Beach camping in Punta Uva
We were right next to the Panamanian border, but we weren't done with Costa Rica yet. The next morning we got up early to make the trek over to the other steamy sea - the Pacific ocean on the other side of the country (yes, overnighting at the Sheraton!! love that place) to meet our niece, Oona.
She is on a road trip of her own, driving from California to Florida, and then flew out to Costa Rica to meet us with 4 friends. With a group this size, we decided to rent a house for a week so we could all hang out. A week is more than we usually get at home with Oona - so we were VERY excited to see her. We did a couple of fun day trips; we went horseback riding again (Oona is the Equestrian Director at a camp in Northern CA, so we absolutely HAD to get on horses).

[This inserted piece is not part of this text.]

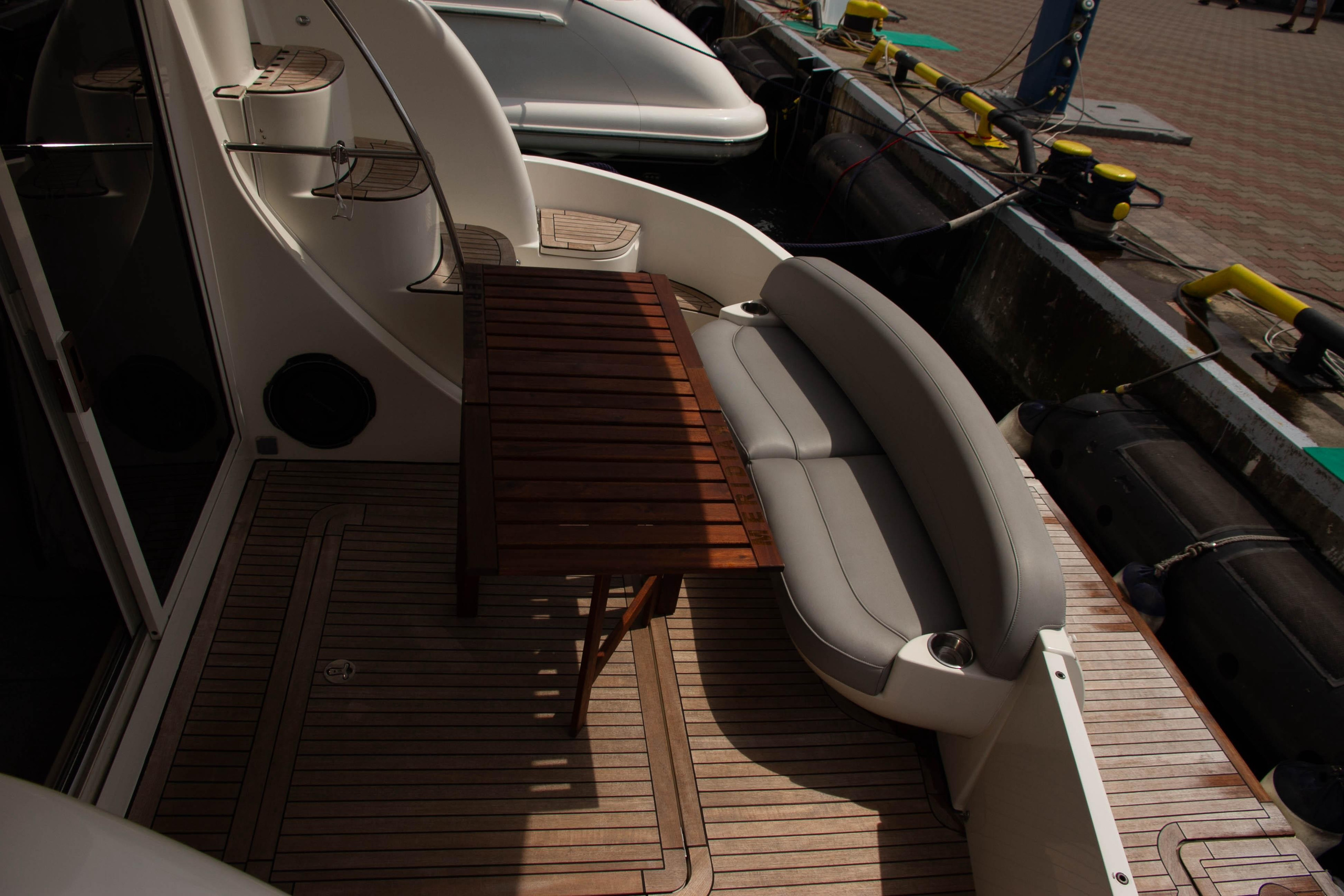 Яхта Принц Аренда Яхты в Сочи Яхтанаморе YACHTNAMORE YACHTANAMORE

We went to Manuel Antonio National Park where we saw lots of wildlife. Eva and Juan Carlos joined us as well, and we hired a fantastic guide, Andres. He had such a love for the park and the animals - his enthusiasm was contagious.
Exploring Manuel Antonio with Juan Carlos, Eva and our ace guide, Andres.
Sleeping, not yelling. A welcome change from the howlers we have met.
White Faced Capuchin monkeys.
This is a Fer de Lance snake. The most deadly snake in all of Central America. The guide took John's camera to take a photo. We weren't allowed to get close. What's amazing is the Capuchin monkeys told us about it. Or warned us about it. They went nuts in the trees just above it so the guide was able to spot it.
Wild ones this time...
He just looks bad ass, doesn't he?
The elusive Costa Rican Red-Eyed Leaf (Tree) Frog
And it's larva. Beautiful and grotesque all at the same time.
Post park chow down with the gang. Debbie, Erica, Rosie, Oona and Nick.
We also explored Dominical and the Ballena Marine Park. Mostly we just hung out together. It was so hot we pretty much just lived in the pool at the house.
Great meeting you crazy kids. Safe travels!!
Oona was our first bit of family we have had on this trip and it was fun to explore new territory with her. It was great spending time together in a house where we didn't have lots of logistics to deal with every day. It felt like a little vacation from our camper life. And getting a little quality family time with the Oonz was really nice.